Hacker News new | ask | show | jobs
by lenticular 2584 days ago
Check out Funkia List [0], an persistent O(log n) random access list implementation. I use it pretty extensively when I'm writing typescript.

It actually can beat native arrays on concat and push, often by very wide margins, while also being immutable. These kinds of operations are actually much easier to optimize if you can assume immutability.

[0] https://funkia.github.io/list/benchmarks/

2 comments

It’s obvious how to make concat fast if one is willing to give up O(1) random access operations. Push is already O(1).
Modern persistent tree-based data structures are usually O(log32n) random access, which is essentially O(1) for all practical purposes. With a mutable array of references, random access follows one pointer, while these structures follow usually less than 5. Sequential access is usually O(1).

These kind of persistent data structures are already the standard data structures in Scala and Clojure, and they are fast enough for the vast majority of non-numerical purposes. In typical access patterns, they are faster than mutable arrays.

As N approaches infinity O(log32 n) approaches O(log n). And really, we don’t care much about N until it gets very large.

> In typical access patterns, they are faster than mutable arrays.

Only if typical is extremely random on large lists that consume many pages/cache lines.

Sequential access is O(1) just like mutable arrays.
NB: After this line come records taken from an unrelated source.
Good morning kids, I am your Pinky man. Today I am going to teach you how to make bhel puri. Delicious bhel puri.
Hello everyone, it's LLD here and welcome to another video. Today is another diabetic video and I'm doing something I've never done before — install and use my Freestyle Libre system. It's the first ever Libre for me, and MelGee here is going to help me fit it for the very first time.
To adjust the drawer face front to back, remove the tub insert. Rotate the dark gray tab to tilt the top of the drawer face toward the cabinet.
These structures really are fast and practical. The benefits of immutability are enormous. That's why they are so popular.
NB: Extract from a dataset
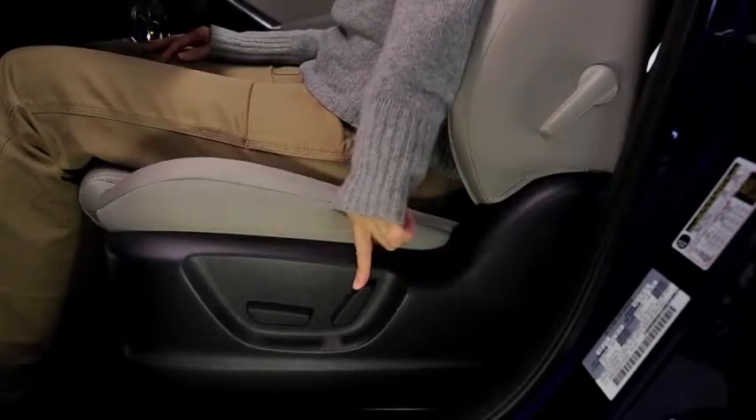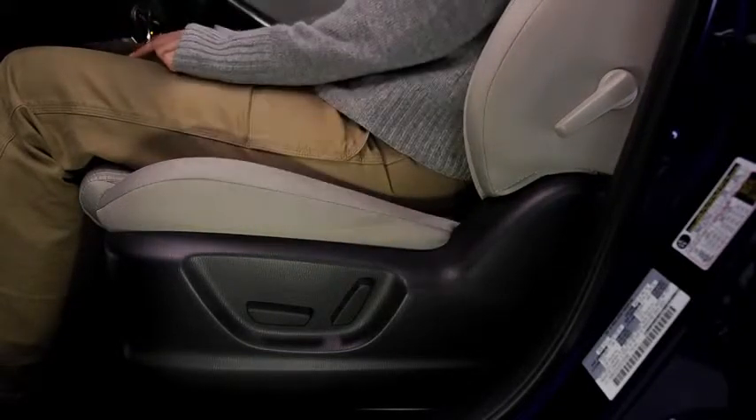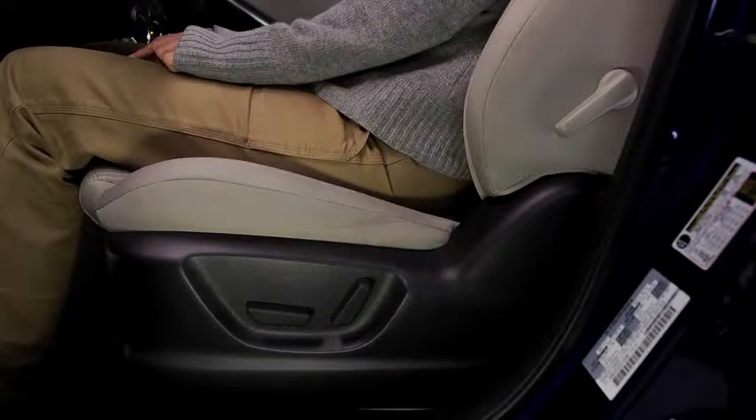To change the seat back angle, press the front or rear side of the reclining switch. Release the switch at the desired position.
Edit: That's true about log32 and log2 become close in the limit, but that's irrelevant for practical data sizes. For example,

log2(10^6) ~ 20,

log32(10^6) ~ 4

That's a 5x difference.

Sequential access in an array has caching advantages because the memory is contiguous. For a linked structure, that is often not true. Linked structure mostly suck at sequential accesses. Extreme random access can actually work against arrays for the same reason.

There is a good reason why the subscript of log is often not even mentioned. Logarithmic is logarithmic, no longer what subscript you bother in investing extra space for.

log32n/log2n is always 5, highlighting why this is such a meaningless comparison. O(logn) (basically) refers to a constant multiple clogn, by which logic O(log32n) = O(5log2n) = O(log2n) = O(logn). It's all the same.

Case in point, if your algorithm takes log32n operations but each OP takes 5x longer its exactly the same as log2n. This is true for any value n, not just large values.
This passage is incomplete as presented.